7) What is the part of your current position that you think allows you the most satisfaction and/or dissatisfaction and why?

I don’t know that I can isolate the single thing that gives me most in my job(s) other than to say that overall I feel extraordinarily lucky to have a vocation that is also one of my avocations. It is a rare privilege to be paid to study, read and write about things that interest, puzzle and madden me.

On the other hand, I can readily identify what I like least about academe—in a word, grading.

8) What in your career are you most proud of and has SSP been a part of that?

Well…to say that I hail from a broken home and a troubled family is to exaggerate the prevailing level of stability and security in the household. So, that I not only made it to adulthood, but also not only put myself through college (as an initially out of state student at UC Berkeley) as well as earned multiple graduate degrees, and then secured a coveted spot as a tenured faculty member sometimes feels like nothing short of a miracle.

But, and this is a giant "but," I did not accomplish any of this alone. Throughout my life, I have been extraordinarily privileged to have had friends, teachers, professors, and other external role models, who recognized in me talents and skills I did not have the background to know I had. These key figures, including—and, arguably most importantly, SSP faculty members!—mentored me, served as emulation-worthy role models, and provided critical advice, life knowledge and support along the way. I am pretty scrappy and hard to keep down by nature, but I would not have accomplished any of the things I have without my personal heroes and guardian angels. My PhD advisor, Barry Posen, deserves particular plaudits and thanks in this regard. SSP is fortunate to have a leadership, a host of faculty members, and also a dedicated staff who care deeply about the students, pre-docs and post-docs who pass through the program.

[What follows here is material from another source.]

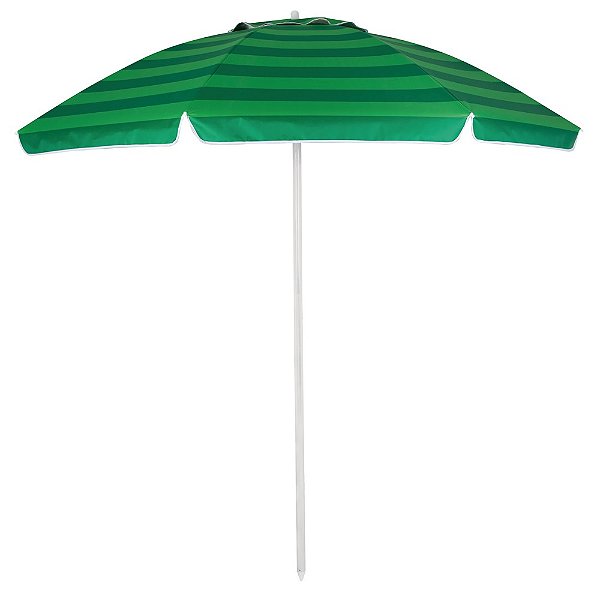Guarda Sol 2.40m Articulado Silver Coati Verde Mor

9) What, outside of SSP and your work here, has been the factor that has most influenced who you are now, and what your current research interests are?

Growing up around charlatans and other crooks has left me with a very low tolerance for liars and dissemblers. It is probably this legacy that inspired my interest in the politics of information, which is a major strand of my research agenda. In addition to my work on the politicization and manipulation of crime and conflict statistics and my cross-national survey research on rumor adoption and dissemination, I am currently finishing a book that explores why, when, and under what conditions, "extra-factual" sources of political information (EFI)—such as rumors, conspiracy theories, myths and propaganda—materially influence the development and conduct of states’ foreign and defense policies.

10) Looking back, what, if anything would you do differently?

I’ve made any number of errors and passed on any number of promising opportunities that could engender regrets about “paths not taken.” But, given how lucky I have been relative to what might have been, I try really hard not to play the “I wish I would have” game. Instead, I treat errors and failures as opportunities to learn and to avoid similar mistakes in future. Besides, I have found that it really does seem to be true that when one door closes, another opens, and, as often as not, the prize behind door #2 is better than the one lost or forfeited.

11) What is the key piece of advice that you would pass along to current SSP graduate students, or those just beginning their careers?

I'll offer two hard won insights. First, it is remarkably easy to get overcommitted, so learn early how to say no when you can and to protect your time. (I have been pretty terrible at following my own advice in this regard, but that’s why I can offer it with some authority.) Second, on a more micro-level, I also learned later than I probably should have that many people in the discipline erroneously assume that if one’s articles appear in specialized subfield journals, it is because they couldn’t get them placed in field journals. It is an unfortunate and rather counter-productive misapprehension, but it also is a remarkably widespread one, so be aware!